3. 决策树回归(Decision tree regression)

与决策树分类类似，直接附上示例代码：

# -*- coding: utf-8 -*-
# @Time     : 2019/8/7 13:57
# @Author   : buracagyang
# @File     : decision_tree_regression_example.py
# @Software : PyCharm

"""
Describe:
        
"""

from __future__ import print_function
from pyspark.ml import Pipeline
from pyspark.ml.regression import DecisionTreeRegressor
from pyspark.ml.feature import VectorIndexer
from pyspark.ml.evaluation import RegressionEvaluator
from pyspark.sql import SparkSession


if __name__ == "__main__":
    spark = SparkSession.builder.appName("DecisionTreeRegressionExample").getOrCreate()

    data = spark.read.format("libsvm").load("../data/mllib/sample_libsvm_data.txt")

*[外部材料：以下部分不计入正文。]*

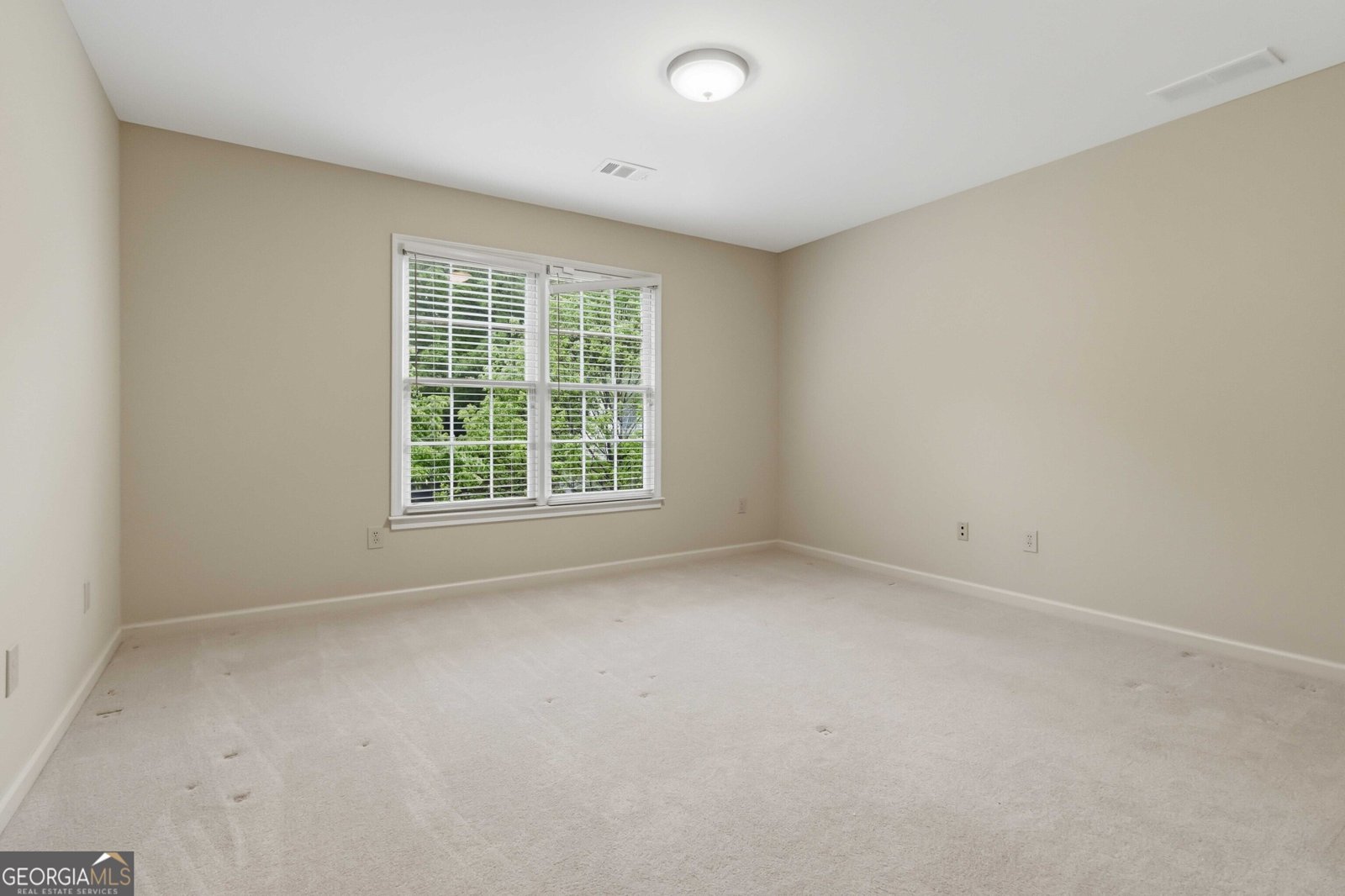737 Terrell Crossing Marietta - Photo 57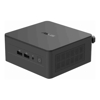 Asus NUC & Barebones - Asus NUC 15 PRO Cyber Canyon Intel Arrow Lake-H RPL-R 45W (C7 240H) Integrated GPU Kit (L6) Tall AU Cord included
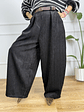 Sassy Pants 1025799 Black - thumbnail 4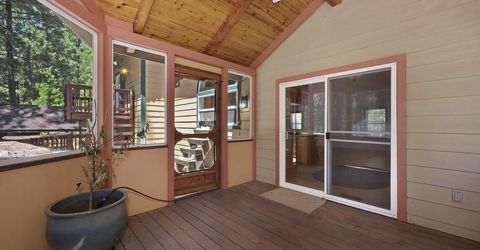 1861 Rubicon Rd, Georgetown, CA 95634 Photo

    # 自动识别分类特性，并对它们进行索引。指定maxCategories，这样存在 > 4个不同值的特征将被视为连续的。
    featureIndexer = VectorIndexer(inputCol="features", outputCol="indexedFeatures", maxCategories=4).fit(data)
    (trainingData, testData) = data.randomSplit([0.7, 0.3], seed=2019)
    dt = DecisionTreeRegressor(featuresCol="indexedFeatures")

    # 通过Pipeline进行训练
    pipeline = Pipeline(stages=[featureIndexer, dt])

    model = pipeline.fit(trainingData)
    predictions = model.transform(testData)

    predictions.select("prediction", "label", "features").show(5)

    evaluator = RegressionEvaluator(labelCol="label", predictionCol="prediction", metricName="rmse")
    rmse = evaluator.evaluate(predictions)
    print("Root Mean Squared Error (RMSE) on test data = %g" % rmse)

    treeModel = model.stages[1]
    print(treeModel)

    spark.stop()

结果如下：

+----------+-----+--------------------+
|prediction|label|            features|
+----------+-----+--------------------+
|       0.0|  0.0|(692,[100,101,102...|
|       0.0|  0.0|(692,[121,122,123...|
|       0.0|  0.0|(692,[124,125,126...|
|       0.0|  0.0|(692,[124,125,126...|
|       0.0|  0.0|(692,[124,125,126...|
+----------+-----+--------------------+
only showing top 5 rows

Root Mean Squared Error (RMSE) on test data = 0.297044
DecisionTreeRegressionModel (uid=DecisionTreeRegressor_4089a3fc367ac7a943d9) of depth 2 with 5 nodes

4. 随机森林回归(Random forest regression)

与决策树回归类似，示例代码如下：

# -*- coding: utf-8 -*-
# @Time     : 2019/8/7 14:05
# @Author   : buracagyang
# @File     : random_forest_regressor_example.py
# @Software : PyCharm

"""
Describe:
        
"""

from __future__ import print_function
from pyspark.ml import Pipeline
from pyspark.ml.regression import RandomForestRegressor
from pyspark.ml.feature import VectorIndexer
from pyspark.ml.evaluation import RegressionEvaluator
from pyspark.sql import SparkSession


if __name__ == "__main__":
    spark = SparkSession.builder.appName("RandomForestRegressorExample").getOrCreate()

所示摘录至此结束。